The absence of drummer Ryan Sawyer means that Tall Firs are stripped back to their original form of a duo once again and, as a result Out Of It, Into It finds Aaron Mullan and David Miles in ambient and contemplative mood. Indeed this is an album that is steeped in gentle intertwined guitar work and haunting vocals which draws as much on the alt-country scene as it does the works of artists the band have shared a stage with over the years – Kurt Vile, Sonic Youth and Shellac among them.
Suffer So Long opens the album wonderfully with the guitars of Mullan and Miles complimenting each other perfectly. They dance around each other as the vocals evoke a tremendously stoned Neil Young. If torment for a particularly long period of time results in tunes as delicate and well realised as this, then such sufferance is probably worth it. Waiting On A Friend continues in a similar vein, and hints at J Mascis’ solo work – which in itself isn’t a million miles away from that of Young. Despite the somewhat dour nature of the lyrics – “Tragedy will come when it comes, and it comes, no matter how fast we run” – there’s a strange tranquility and acceptance in the delivery that makes everything seem like it’ll all turn out just fine. It possesses an ambience that suggests that if life turns unbearable, then hiding under a soft warm blanket and rolling plenty of herbal cigarettes is the best course of action.
Early highlight Axeman heads in a more sinister direction with the guitar work of Mullan and Miles tolling in an increasingly foreboding manner as Tall Firs engage the local axeman in conversation regarding his latest victim and, er, tracksuits. Suicide follows (it’s a song name – not a reaction to the album) and possesses a hazy feel that is underpinned with a series of discordant but beautiful melodies borrowed from the Sonic Youth songbook. Not that Tall Firs seem particularly indebted to Thurston Moore and his cohorts. Certainly there is an influence in Tall Firs’ music, but such is the perfect vision of Out Of It, Into It that it is clear that the duo are entirely in control of their output and eschew the need to pillage the back catalogues of others.
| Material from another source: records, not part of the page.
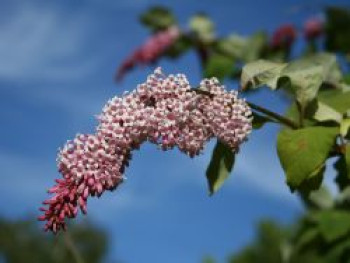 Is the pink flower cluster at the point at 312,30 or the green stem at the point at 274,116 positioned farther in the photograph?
the pink flower cluster at the point at 312,30

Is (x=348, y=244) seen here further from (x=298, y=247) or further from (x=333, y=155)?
(x=333, y=155)

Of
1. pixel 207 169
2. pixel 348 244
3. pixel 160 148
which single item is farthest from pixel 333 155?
pixel 348 244

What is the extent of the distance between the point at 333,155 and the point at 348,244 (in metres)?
0.79

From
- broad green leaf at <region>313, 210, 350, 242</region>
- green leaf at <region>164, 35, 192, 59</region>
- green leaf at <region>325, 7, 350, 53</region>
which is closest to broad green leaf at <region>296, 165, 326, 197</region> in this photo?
broad green leaf at <region>313, 210, 350, 242</region>

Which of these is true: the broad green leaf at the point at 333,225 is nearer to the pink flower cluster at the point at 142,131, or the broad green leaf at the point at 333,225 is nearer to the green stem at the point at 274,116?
the green stem at the point at 274,116

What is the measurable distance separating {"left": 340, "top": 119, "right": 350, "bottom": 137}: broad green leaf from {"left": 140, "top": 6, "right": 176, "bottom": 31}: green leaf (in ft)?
11.3

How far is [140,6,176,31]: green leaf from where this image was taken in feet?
16.1

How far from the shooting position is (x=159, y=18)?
4973mm

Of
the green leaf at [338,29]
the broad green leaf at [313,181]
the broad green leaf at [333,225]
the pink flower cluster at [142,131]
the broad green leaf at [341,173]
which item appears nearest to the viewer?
the pink flower cluster at [142,131]

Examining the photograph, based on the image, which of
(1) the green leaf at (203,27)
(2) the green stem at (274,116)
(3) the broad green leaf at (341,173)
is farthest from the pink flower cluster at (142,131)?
(1) the green leaf at (203,27)

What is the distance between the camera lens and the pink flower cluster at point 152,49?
194 inches

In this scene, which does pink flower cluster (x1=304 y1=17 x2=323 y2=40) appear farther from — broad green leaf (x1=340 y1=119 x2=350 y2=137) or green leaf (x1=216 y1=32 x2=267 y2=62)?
broad green leaf (x1=340 y1=119 x2=350 y2=137)

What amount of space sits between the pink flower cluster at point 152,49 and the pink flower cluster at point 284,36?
671mm

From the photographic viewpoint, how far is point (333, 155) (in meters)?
1.58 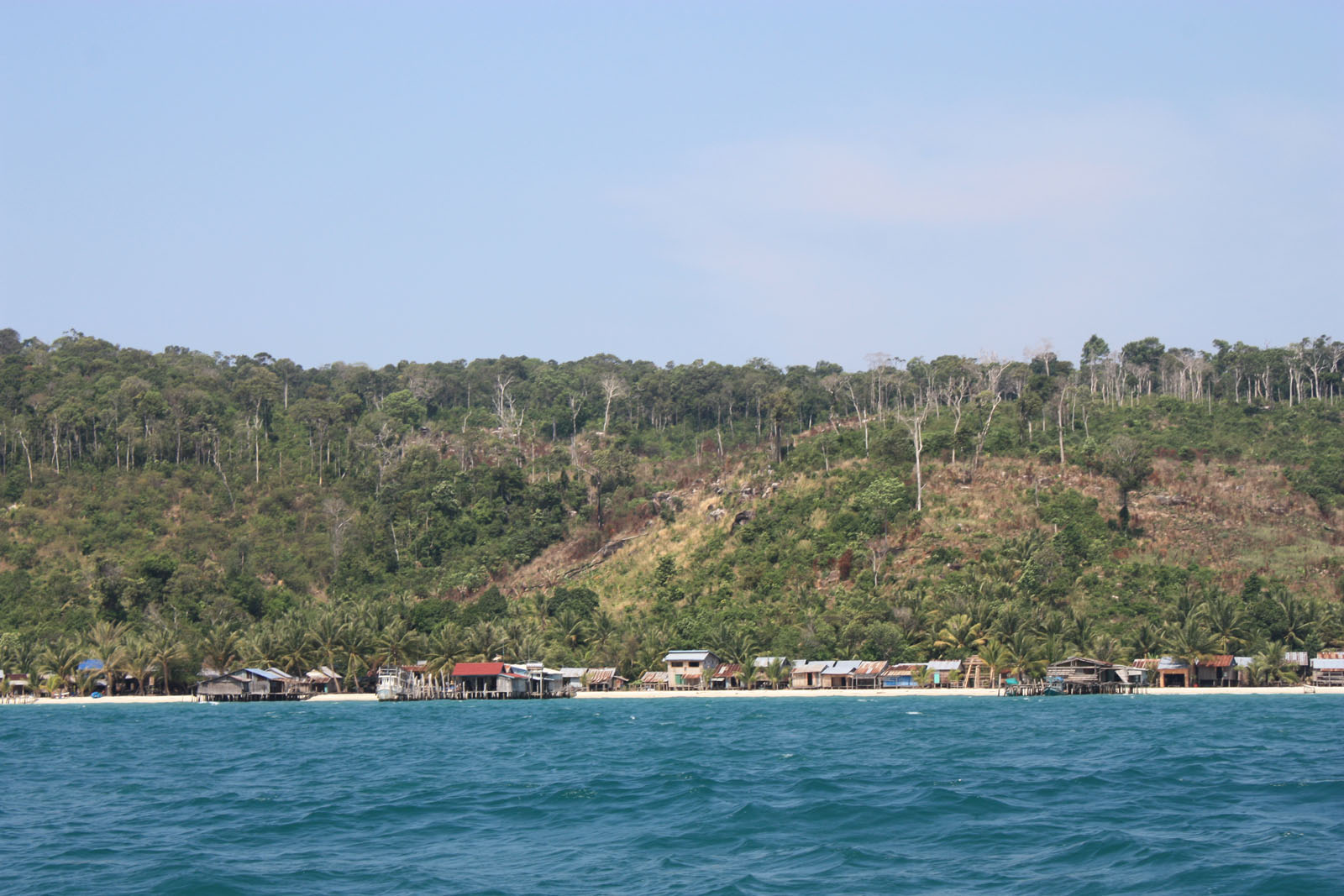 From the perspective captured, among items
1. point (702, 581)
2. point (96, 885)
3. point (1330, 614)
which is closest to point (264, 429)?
point (702, 581)

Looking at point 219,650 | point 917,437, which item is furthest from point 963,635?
point 219,650

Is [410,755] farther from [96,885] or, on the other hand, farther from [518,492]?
[518,492]

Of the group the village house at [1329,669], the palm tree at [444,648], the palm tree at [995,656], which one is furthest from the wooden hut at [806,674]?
the village house at [1329,669]

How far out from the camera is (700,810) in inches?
1280

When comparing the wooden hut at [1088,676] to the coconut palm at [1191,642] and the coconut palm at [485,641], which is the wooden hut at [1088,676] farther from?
the coconut palm at [485,641]

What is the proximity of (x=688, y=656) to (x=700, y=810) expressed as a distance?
198 feet

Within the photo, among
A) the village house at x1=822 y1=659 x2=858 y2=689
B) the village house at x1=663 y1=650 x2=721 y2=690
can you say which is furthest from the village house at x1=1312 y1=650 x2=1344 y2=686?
the village house at x1=663 y1=650 x2=721 y2=690

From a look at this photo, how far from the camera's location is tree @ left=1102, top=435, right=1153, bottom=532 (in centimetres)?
9906

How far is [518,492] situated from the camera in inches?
4833

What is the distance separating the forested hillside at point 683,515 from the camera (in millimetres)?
92750

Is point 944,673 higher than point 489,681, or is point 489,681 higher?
point 944,673

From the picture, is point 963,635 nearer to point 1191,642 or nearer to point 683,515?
point 1191,642

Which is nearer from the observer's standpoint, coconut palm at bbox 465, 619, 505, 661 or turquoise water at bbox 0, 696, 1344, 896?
turquoise water at bbox 0, 696, 1344, 896

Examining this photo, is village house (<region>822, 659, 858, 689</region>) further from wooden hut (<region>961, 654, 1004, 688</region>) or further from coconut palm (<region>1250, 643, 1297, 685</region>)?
coconut palm (<region>1250, 643, 1297, 685</region>) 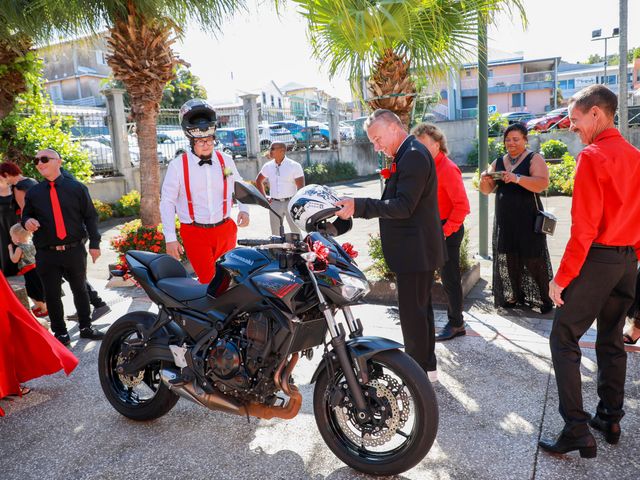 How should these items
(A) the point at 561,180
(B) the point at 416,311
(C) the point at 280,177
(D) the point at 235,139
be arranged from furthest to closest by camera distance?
1. (D) the point at 235,139
2. (A) the point at 561,180
3. (C) the point at 280,177
4. (B) the point at 416,311

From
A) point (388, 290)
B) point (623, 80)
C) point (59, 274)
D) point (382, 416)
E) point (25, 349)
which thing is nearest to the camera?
point (382, 416)

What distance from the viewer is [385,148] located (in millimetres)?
3672

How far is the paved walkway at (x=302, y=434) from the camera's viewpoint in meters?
3.06

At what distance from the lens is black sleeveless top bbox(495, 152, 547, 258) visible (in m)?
5.33

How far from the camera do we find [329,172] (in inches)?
878

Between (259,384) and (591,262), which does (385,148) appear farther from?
(259,384)

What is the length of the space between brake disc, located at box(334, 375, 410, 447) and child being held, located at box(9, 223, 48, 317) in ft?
13.5

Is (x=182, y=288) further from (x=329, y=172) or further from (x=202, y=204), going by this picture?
(x=329, y=172)

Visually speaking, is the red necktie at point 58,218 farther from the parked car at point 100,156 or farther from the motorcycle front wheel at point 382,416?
the parked car at point 100,156

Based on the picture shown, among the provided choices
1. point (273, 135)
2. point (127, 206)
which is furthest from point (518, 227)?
point (273, 135)

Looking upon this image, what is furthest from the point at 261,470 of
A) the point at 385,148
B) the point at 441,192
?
the point at 441,192

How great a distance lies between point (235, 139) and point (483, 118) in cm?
1373

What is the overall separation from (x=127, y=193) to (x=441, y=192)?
1206cm

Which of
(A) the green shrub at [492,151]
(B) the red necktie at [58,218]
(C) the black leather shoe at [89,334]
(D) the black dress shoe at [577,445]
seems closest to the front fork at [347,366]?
(D) the black dress shoe at [577,445] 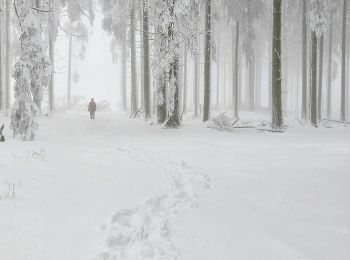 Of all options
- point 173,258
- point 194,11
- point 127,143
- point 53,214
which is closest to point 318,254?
point 173,258

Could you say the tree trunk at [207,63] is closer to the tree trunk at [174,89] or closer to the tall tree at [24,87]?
the tree trunk at [174,89]

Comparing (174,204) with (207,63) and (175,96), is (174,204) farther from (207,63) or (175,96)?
(207,63)

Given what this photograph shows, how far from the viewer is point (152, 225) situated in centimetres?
457

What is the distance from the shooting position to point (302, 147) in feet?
35.7

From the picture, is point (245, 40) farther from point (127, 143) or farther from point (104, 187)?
point (104, 187)

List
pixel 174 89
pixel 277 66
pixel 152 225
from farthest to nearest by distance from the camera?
pixel 277 66 → pixel 174 89 → pixel 152 225

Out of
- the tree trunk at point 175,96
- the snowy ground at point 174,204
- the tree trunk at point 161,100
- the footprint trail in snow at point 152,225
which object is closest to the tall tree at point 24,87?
the snowy ground at point 174,204

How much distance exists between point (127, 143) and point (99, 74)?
8582 cm

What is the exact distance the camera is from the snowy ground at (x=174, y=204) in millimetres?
3928

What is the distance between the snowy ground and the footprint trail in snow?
0.01m

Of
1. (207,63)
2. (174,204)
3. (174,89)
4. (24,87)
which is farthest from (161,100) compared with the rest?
(174,204)

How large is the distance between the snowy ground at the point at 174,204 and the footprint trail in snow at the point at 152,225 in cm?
1

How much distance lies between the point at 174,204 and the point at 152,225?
0.92 metres

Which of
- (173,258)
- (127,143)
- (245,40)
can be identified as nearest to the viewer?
(173,258) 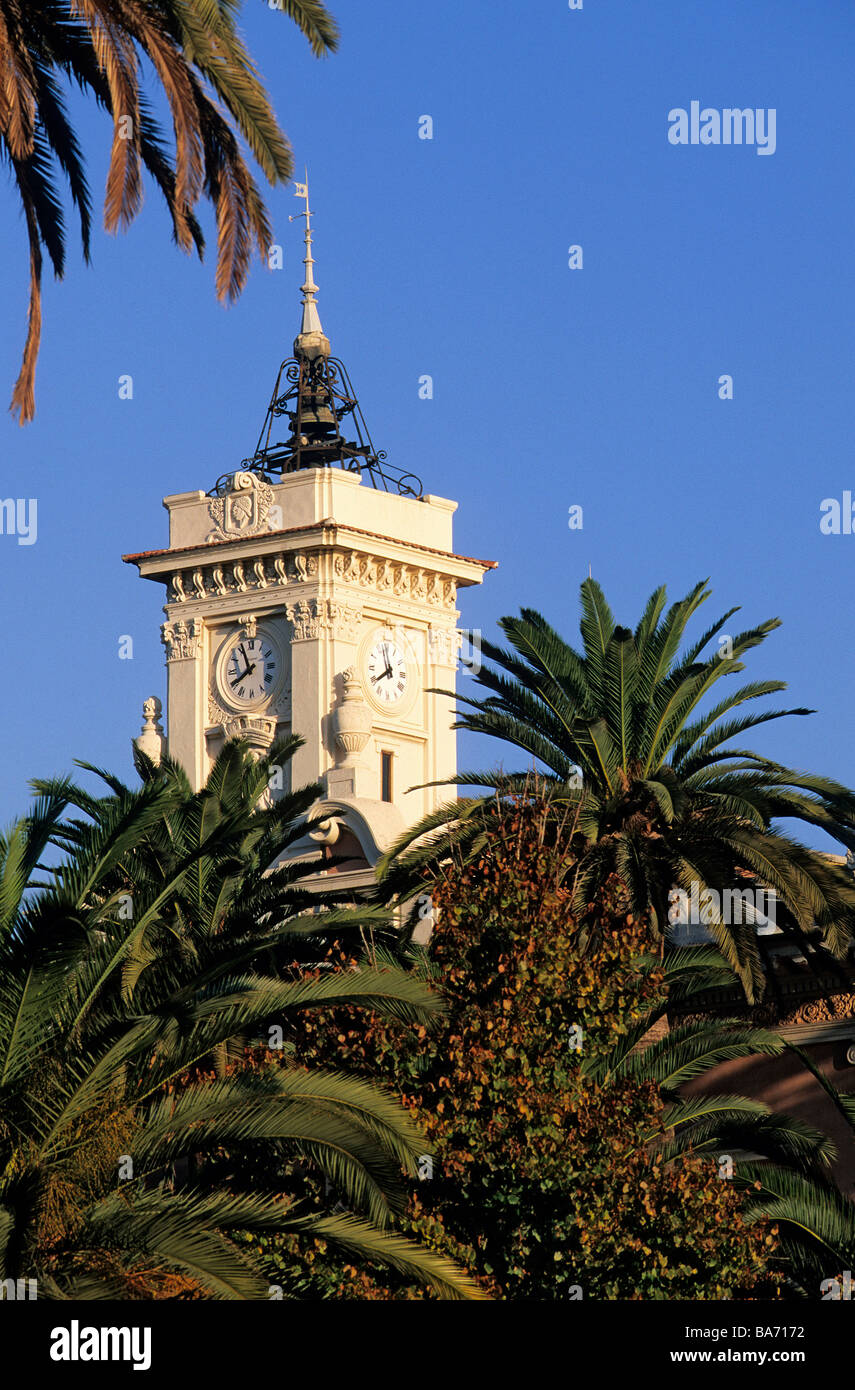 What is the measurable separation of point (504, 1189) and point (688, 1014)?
1002cm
That said, there is a cover of Arthur Russell’s I Couldn’t Say It To Your Face, though even it possesses such heartfelt vocals and evocative slide guitar work that it becomes more than simple homage, and serves to highlight the brilliance of the original. Crooked Smiles however is homage; to ATP, apparently. Although, as with a lot of this album there’s something slightly unsettling at play here, with the distorted riff that makes its presence felt at the midpoint with a plea to get evil. Still, the suggestion to get high just about balances everything out.
From start to finish this is an album that possesses an alluring pull. Even when things are starting to sound a little sinister, the perfect guitar work, woozy vocals and hazy ambience that Tall Firs create is hard to ignore. Get into Tall Firs’ world, and it is hard to leave it behind. Getting out of it only makes the pull more potent.